4.5 Empirical Validity

4.5 Empirical Validity

The concept of the empirical validity of a metric relates to two distinct considerations, both based on the statistical notion of variability. First, a metric must identify a unique source of variation not already present in any other metrics that we might be using. Second, this new source of variation will serve to explain additional variation in one or more of our criterion measures. Third, the metric must vary as a function of concomitant variation in a criterion measure. Both of these considerations may be determined only through the experimentation process. We must design, develop, and conduct carefully controlled experiments for our test of empirical validity. This is a time- and resource-consuming process. We have often witnessed attempts to circumvent the application of scientific methodology in the validation of metrics.
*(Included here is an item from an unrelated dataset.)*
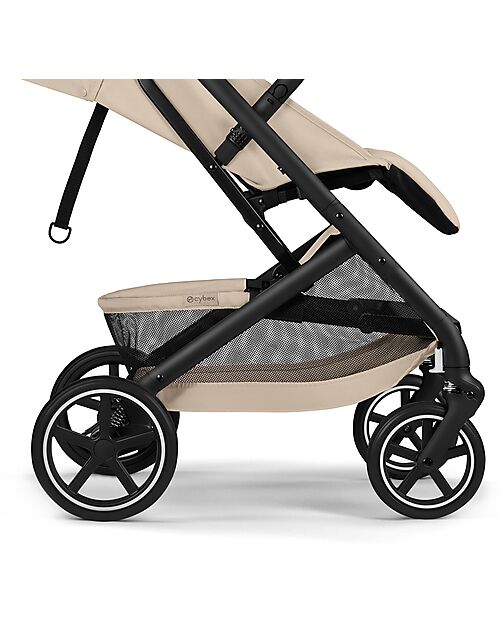 Cybex Beezy Stroller Almond Beige - Black Frame - The Most Compact Lights Strollers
The most common means is to hire a metric expert or a panel of metric experts to identify the appropriate metrics to use in an organization. Much of the measurement process is counter-intuitive. Things just do not work the way we think they should. The use of statistics and sound scientific experimental methodology will provide the best opportunity to identify a viable working set of metrics for all of our measurement domains.

In short, a new metric will contribute to a significant increase in the proportion of variation that we observe in a criterion variable. If, for example, we are attempting to validate a new complexity metric for prediction of software faults, then the fault prediction model of complexity metrics on faults must be significantly better with addition of the new metric. A good example of the validation process can be found in a recent work by Anger et al. [2] or in our own work on the validation of the data structures metric. [3]

As we learn to apply this empirical validation process, we soon discover that only a limited subset of the existing metrics meets these new criteria. As we will see in Chapter 5, the Halstead software science metrics are a good example of this. [4] Consider the case of Halstead's program vocabulary, η = η1 + η2. From the standpoint of linear modeling, we simply cannot use the value of η because it is a linear compound of two other metrics, η1 and η2. We observe a similar circumstance with McCabe's cyclomatic complexity, which is the sum of nodes and edges in a control flowgraph representation of a program. The metric primitives of Nodes and Edges contain all of the information. It is clear that a metric that is a simple linear derivative of two other metrics cannot identify new sources of variation different from the metrics that comprise the new metric. In essence, if you know that a person has change amounting to 25 cents in one of his pants pockets and 50 cents in the other pants pocket, you will learn nothing new from my telling you that he has 75 cents in his pants pockets.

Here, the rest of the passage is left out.